Thank you :) On the track analysis, it is pretty much as Cas says: as I'm currently doing it, the race strength analysis abstracts away all information about tracks, cars, racing lines and so forth. There might be ways to incorporate at least a little of that knowledge -- as an off-the-cuff example, a plausible experiment would be twisting the Elo parameters so that, say, powergear or IMSA races have extra influence over the ratings. Still, in general it can be a challenge to define such variables in a way that isn't too subjective and then to quantify them in an effective way. Even something as intuitive as the notion of track difficulty can be tricky to translate to a race analysis context. For instance, ZCT086 (http://zak.stunts.hu/tracks/ZCT086) is one of the simplest tracks ever raced in ZakStunts, and yet this very simplicity made figuring out places where tenths could be gained a challenge of its own, resulting in a pretty hard race with some very strong replays.

Quote from: Cas on December 28, 2020, 06:42:06 AM
My feeling is that we should start by analysing the fluctuations in the performance of a pipsqueak through time and do the same with other pipsqueaks and try to figure out structures like the ones I described that really are my guesses, my feelings. It'd be good to see how true or not they are and if there are others instead. With that knowledge, we could begin to analyse a race in a different way: knowing that each pipsqueak participating in it is not just a pipsqueak, but a pipsqueak at a certain point of its evolution, with that point added as a parameter.

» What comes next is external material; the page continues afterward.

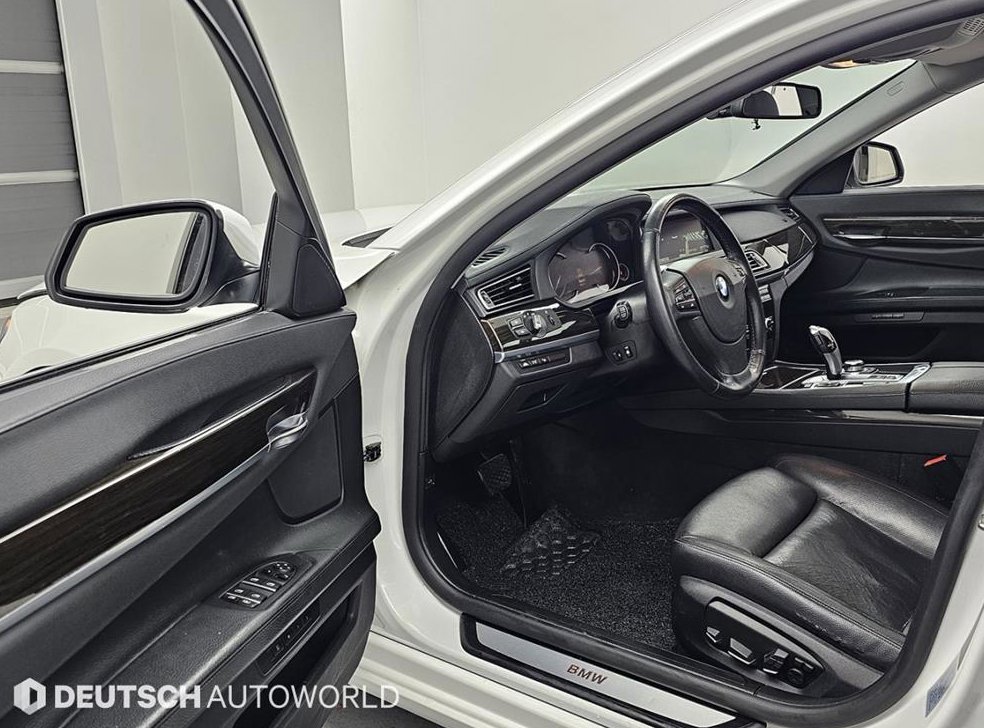 BMW 7시리즈 730 사진 11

I, for one, will try to keep an eye on that sort of thing when I look at the data. (While I didn't say much about the ratings in the opening post here, the program can do a quite a few things with the data already, including extracting the rating history of a selected pipsqueak.)

(On the topic of uncertainity, it is worth mentioning that there are more sophisticated systems that try to keep track of them, so that, for instance, pipsqueaks that took part in a lot of recent pipsqueaks are given more stable ratings, on the grounds of uncertainty being presumably reduced by activity. I briefly tried Glicko, which is one of those systems, back in May, but either I didn't figure out how to tune its configuration parameters correctly or the quirks of the ZakStunts dataset -- the free-for-all problem I mentioned earlier, the relatively low number of events per year, the fluctuations in pipsqueak activity -- make it hard to effectively calculate uncertainties for that purpose.)

Title: Re: Race strength estimation, revisited
Post by: Cas on December 29, 2020, 03:55:13 AM

It does sound super complicated and I figure Free-style makes it even harder, because on one hand, "track length" is a very ambiguous concept and cannot be utilised to estimate optimal laps out of real laps in this style. And on the other hand, the "virtual track length" as understood at a point of the race may suddenly change when a pipsqueak figures out a trick and posts a replay that's made public or even worse, if it is not public, one or maybe a few pipsqueaks will know the trick and others won't, so there will be two different theoretical optimal laps. That is, there will be two races running in one scoreboard. The more I think of this, the hardest it seems to analyse.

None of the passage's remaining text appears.